|Summary:||Simplify backtracking in YARR JIT|
|Product:||WebKit||Reporter:||Gavin Barraclough <barraclough>|
|Severity:||Normal||CC:||ggaren, msaboff, webkit.review.bot|
|Version:||528+ (Nightly build)|
|Bug Depends on:|
Description Gavin Barraclough 2011-05-15 16:44:26 PDT
YARR JIT currently performs a single pass of code generation over the pattern, with special handling to allow the code generation for some backtracking code out of line. We can simplify things by moving to a common mechanism whereby all forwards matching code is generated in one pass, and all backtracking code is generated in another. Backtracking code can be generated in reverse order, to optimized the common fall-through case. To make it easier to walk over the pattern, we can first convert to a more byte-code like format before JIT generating. In time we should unify this with the YARR interpreter to more closely unify the two.
Comment 2 WebKit Review Bot 2011-05-15 16:49:44 PDT
Comment 3 Gavin Barraclough 2011-05-15 17:26:28 PDT
Created attachment 93593 [details] Layout tests for expressions fixed by the prior patch.
Comment 4 Gavin Barraclough 2011-05-15 19:34:07 PDT
Fixing backtracking is blocking https://bugs.webkit.org/show_bug.cgi?id=60866.
Comment 5 Geoffrey Garen 2011-05-15 22:38:45 PDT
Please fix style bot issues, and remove this: +// breakpoint();
Comment 6 Geoffrey Garen 2011-05-15 23:04:00 PDT
There are a lot of great comments here, but also a lot of comments that describe the "what" and not the "why". I think you should remove comments that just describe the "what" (listed below). In theory, a "what" comment clutters the code, since it's redundant with what the code says. When a "what" comment does add something, that's probably a sign that the code it comments needs clearer names and abstractions. + break; // Nothing else to do! break back to the switch. + // Find the beginning of this set of alternatives. + // Check whether this set of alternatives are repeating or 'once through'. + // Update the input position. + // Link any input check failures from the prior alternative to this point. + // Calculate the difference in minimum size between the two alternatives, and + // update the input position. + // If the size of the pattern is not fixed, then we need to update the start index. + // Store the match start index, if we needed to & didn't do so above. + // If minimum size is zero, thenwe can store the current index directly. + // Increment position & check input for the first alternative - if sufficient + // input is available just to it, else jump to it's input check failure handler. + // Manage m_checked. + // Manage m_checked. + // For fixed count (always executed once) subpatterns, nothing to do here. + // Emit all alternatives, connect as a doubly linked list. + // Emit all alternatives, connect as a doubly linked list. + // If there are no repeating alternatives then emit an + // 'OpMatchFailed' to return no match. + // Run forwards over 'm_ops', generating the main matching path. + generate(); + // Run backwards over 'm_ops', generating code for backtracking. + backtrack();
Comment 7 Geoffrey Garen 2011-05-15 23:19:33 PDT
+ // The 'optimized' flag is used to null out the second pattern character, + // when two are fused to match a pair together. + bool m_optimized; How about "m_isDeadCode" or "m_didFuseWithPrevious" to make it more clear that this means the op can be removed because it fused with the previous op?
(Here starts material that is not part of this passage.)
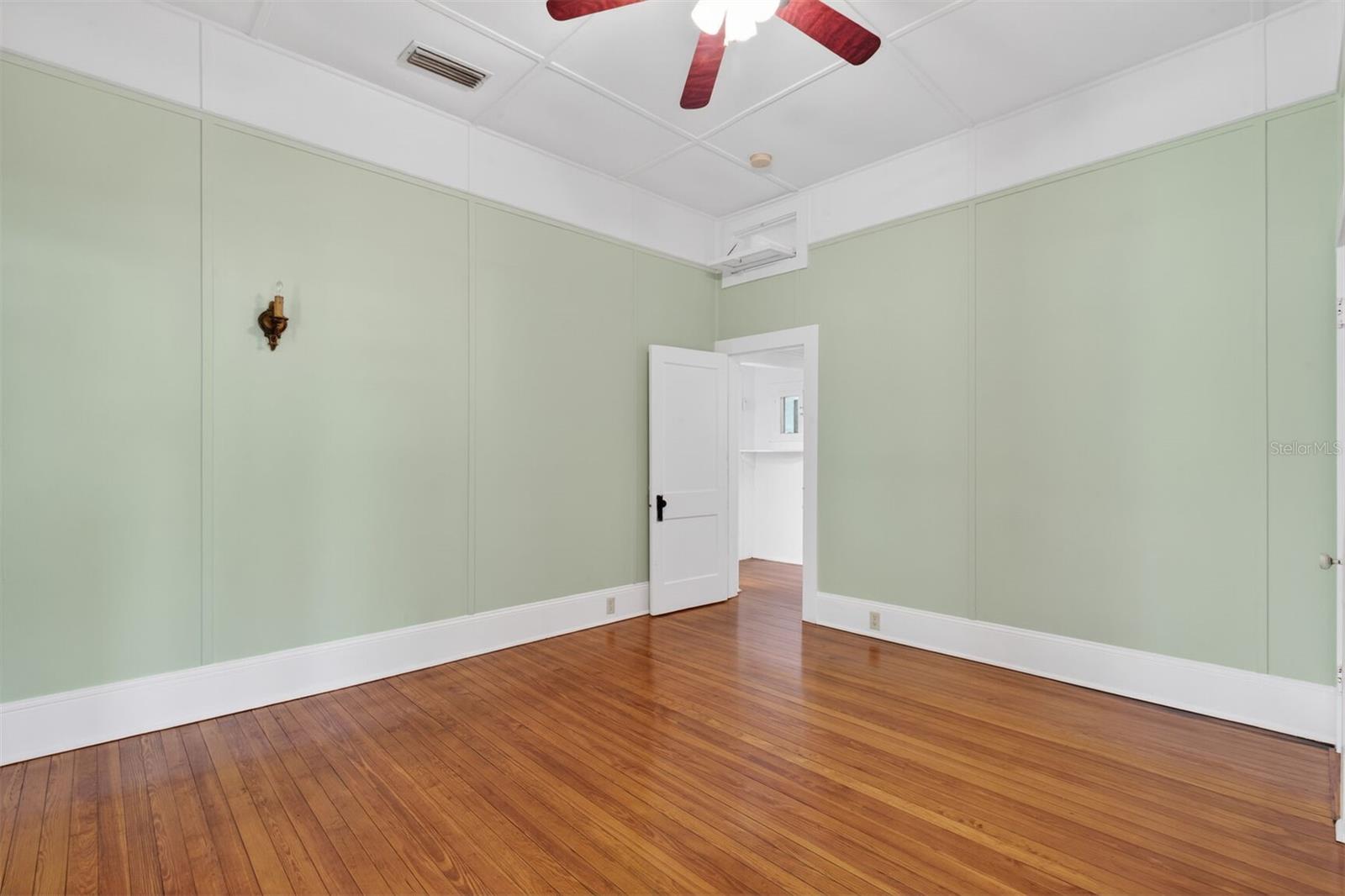 630 6th, Gainesville, FL 32601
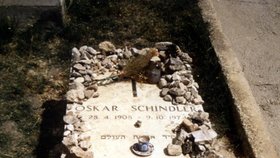 Hrob Oskara Schindlera na hoře Sion v Izraeli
Comment 8 Gavin Barraclough 2011-05-15 23:28:13 PDT
Created attachment 93613 [details] Almost identical to the old patch, fix stylebot issues, remove 'what' comments, renamed m_optimized to m_isDeadCode, add backtrackTermDefault. Per a request over IRC by msaboff, have shared common implementations of term backtracking in backtrackTermDefault().
Comment 9 Michael Saboff 2011-05-16 00:02:18 PDT
Comment 10 Geoffrey Garen 2011-05-16 00:07:15 PDT
Comment on attachment 93613 [details] Almost identical to the old patch, fix stylebot issues, remove 'what' comments, renamed m_optimized to m_isDeadCode, add backtrackTermDefault. r=me, modulo Michael's comments above. Would be good to come up with a fix to the o(n^2) issue soon. These YarrOps really lend themselves to a future refactoring that makes them objects with virtual generate / backtrack functions.
Comment 11 Gavin Barraclough 2011-05-16 00:22:23 PDT
Fixed in r86536, will follow up with an investigation of alternatives to the O(N^2) code in backtracking.
Comment 12 Gavin Barraclough 2011-05-16 00:24:27 PDT
(This patch got about 1 1/2 hours of regex fuzzing before landing, and has no performance impact on sunspidey / v8).